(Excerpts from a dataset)

________

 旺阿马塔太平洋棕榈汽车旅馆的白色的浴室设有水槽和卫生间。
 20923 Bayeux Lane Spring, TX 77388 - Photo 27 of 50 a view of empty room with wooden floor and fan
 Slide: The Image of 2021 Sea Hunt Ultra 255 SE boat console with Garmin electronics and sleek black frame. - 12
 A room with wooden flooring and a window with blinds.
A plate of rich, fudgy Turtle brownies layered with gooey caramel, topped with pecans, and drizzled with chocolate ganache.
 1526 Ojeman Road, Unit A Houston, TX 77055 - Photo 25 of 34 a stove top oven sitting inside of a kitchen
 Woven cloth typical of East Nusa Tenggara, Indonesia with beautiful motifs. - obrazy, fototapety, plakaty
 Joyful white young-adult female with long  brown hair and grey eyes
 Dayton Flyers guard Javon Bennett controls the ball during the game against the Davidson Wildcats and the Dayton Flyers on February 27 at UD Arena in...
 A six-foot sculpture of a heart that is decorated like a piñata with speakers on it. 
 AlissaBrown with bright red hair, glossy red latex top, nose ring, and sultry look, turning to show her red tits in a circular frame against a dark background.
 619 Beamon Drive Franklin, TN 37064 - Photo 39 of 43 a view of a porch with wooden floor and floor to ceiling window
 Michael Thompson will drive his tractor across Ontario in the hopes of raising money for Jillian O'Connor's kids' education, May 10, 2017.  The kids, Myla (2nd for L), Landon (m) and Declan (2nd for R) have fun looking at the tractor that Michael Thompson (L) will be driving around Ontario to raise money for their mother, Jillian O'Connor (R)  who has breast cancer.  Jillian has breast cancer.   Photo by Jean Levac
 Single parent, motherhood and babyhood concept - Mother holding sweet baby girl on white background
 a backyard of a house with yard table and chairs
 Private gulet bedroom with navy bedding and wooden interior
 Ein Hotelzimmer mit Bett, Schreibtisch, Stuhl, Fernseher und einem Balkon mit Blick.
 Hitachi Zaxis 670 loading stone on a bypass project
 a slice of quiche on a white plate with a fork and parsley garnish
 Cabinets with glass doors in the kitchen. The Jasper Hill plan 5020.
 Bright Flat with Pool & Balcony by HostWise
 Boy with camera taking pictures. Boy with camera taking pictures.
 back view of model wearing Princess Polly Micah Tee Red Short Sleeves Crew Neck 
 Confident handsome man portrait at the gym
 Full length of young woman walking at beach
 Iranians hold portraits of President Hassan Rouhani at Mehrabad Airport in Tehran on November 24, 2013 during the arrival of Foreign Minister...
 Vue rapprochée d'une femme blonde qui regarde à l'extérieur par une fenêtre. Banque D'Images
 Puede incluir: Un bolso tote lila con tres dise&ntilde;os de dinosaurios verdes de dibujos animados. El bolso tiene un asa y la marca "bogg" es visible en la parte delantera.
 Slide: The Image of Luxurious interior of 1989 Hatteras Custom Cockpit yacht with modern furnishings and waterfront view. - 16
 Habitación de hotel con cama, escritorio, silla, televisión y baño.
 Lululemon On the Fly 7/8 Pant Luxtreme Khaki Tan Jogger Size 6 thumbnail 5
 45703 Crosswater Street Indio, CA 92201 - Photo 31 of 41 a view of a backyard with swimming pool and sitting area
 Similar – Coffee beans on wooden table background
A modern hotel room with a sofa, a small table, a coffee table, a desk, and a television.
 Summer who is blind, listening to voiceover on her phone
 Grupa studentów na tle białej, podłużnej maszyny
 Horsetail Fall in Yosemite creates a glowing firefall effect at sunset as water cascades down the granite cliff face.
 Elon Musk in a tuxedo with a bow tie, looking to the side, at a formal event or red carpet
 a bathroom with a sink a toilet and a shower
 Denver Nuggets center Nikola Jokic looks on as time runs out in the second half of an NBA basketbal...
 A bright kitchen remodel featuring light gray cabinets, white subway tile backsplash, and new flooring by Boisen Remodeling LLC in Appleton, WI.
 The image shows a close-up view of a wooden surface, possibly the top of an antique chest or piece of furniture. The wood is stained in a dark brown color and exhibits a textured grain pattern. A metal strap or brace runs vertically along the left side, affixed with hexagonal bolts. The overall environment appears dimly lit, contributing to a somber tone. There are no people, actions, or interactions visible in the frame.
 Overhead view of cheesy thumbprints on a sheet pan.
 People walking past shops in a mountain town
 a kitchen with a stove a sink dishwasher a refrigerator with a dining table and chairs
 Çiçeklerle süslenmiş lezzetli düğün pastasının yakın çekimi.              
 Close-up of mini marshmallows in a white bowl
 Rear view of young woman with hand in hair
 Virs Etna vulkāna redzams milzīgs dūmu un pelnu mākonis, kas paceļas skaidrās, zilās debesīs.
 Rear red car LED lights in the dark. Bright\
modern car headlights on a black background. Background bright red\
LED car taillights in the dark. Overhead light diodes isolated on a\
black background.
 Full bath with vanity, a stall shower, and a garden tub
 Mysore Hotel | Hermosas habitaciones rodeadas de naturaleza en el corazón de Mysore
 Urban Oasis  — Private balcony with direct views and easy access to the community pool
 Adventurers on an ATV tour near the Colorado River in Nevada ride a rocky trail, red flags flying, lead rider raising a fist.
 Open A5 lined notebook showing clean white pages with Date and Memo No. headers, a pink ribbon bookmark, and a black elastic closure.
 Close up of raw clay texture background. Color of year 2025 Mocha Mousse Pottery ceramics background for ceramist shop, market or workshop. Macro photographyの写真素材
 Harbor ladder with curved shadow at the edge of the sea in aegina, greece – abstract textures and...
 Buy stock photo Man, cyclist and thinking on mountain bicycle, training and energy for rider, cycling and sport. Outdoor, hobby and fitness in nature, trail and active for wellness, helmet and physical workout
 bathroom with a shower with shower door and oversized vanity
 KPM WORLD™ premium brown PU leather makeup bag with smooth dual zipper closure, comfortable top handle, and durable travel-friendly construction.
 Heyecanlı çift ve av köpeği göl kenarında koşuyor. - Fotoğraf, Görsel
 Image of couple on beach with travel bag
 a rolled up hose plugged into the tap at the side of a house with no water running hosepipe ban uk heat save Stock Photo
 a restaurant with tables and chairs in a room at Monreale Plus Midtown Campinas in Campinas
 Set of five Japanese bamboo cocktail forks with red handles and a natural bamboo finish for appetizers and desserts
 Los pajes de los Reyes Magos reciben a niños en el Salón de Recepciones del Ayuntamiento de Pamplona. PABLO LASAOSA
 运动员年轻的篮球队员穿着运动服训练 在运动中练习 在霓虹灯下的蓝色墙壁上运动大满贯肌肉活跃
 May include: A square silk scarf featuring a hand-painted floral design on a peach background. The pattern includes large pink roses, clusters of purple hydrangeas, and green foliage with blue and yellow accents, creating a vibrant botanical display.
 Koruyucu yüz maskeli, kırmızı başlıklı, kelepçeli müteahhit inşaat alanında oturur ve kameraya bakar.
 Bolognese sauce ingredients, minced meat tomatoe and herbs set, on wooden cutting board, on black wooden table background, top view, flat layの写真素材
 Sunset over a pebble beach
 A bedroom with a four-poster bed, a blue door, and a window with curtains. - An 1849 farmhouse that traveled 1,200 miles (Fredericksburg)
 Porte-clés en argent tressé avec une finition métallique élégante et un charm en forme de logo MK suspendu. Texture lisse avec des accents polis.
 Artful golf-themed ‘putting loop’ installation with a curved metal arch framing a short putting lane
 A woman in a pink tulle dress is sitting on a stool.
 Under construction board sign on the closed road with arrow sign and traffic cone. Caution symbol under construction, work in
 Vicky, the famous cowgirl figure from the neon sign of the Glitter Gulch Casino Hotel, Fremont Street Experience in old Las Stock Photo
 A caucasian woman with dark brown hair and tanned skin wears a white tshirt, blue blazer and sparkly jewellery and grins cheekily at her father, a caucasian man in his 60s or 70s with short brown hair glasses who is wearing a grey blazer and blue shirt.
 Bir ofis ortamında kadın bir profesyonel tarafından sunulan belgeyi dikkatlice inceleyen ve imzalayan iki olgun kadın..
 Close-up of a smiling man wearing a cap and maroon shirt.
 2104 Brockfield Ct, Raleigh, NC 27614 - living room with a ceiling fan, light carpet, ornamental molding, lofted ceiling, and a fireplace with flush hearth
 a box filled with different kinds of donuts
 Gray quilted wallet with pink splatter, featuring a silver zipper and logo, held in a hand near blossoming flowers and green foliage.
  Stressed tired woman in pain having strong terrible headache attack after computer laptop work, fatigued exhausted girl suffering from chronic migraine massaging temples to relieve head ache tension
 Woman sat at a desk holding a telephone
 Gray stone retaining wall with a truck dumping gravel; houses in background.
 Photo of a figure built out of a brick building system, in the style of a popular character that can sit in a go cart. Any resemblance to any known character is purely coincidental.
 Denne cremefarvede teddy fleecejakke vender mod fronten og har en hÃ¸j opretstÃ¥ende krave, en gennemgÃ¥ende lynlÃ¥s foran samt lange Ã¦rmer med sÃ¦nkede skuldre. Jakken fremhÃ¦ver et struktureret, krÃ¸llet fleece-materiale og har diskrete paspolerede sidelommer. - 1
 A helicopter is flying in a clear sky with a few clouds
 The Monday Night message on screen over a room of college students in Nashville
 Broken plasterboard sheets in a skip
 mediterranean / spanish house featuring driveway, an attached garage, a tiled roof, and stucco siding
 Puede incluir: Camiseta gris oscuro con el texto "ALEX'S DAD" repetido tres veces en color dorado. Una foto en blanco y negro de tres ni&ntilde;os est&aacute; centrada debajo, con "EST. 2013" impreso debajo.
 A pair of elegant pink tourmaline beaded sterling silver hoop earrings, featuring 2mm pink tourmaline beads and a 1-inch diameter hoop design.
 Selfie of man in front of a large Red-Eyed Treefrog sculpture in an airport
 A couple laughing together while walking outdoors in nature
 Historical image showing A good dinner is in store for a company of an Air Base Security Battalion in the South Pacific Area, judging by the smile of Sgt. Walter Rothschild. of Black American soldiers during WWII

________

» WORK ITEM
Pull every line with "kitchen" from the records.

» RESULT FOR THIS TASK
 1526 Ojeman Road, Unit A Houston, TX 77055 - Photo 25 of 34 a stove top oven sitting inside of a kitchen
 Cabinets with glass doors in the kitchen. The Jasper Hill plan 5020.
 A bright kitchen remodel featuring light gray cabinets, white subway tile backsplash, and new flooring by Boisen Remodeling LLC in Appleton, WI.
 a kitchen with a stove a sink dishwasher a refrigerator with a dining table and chairs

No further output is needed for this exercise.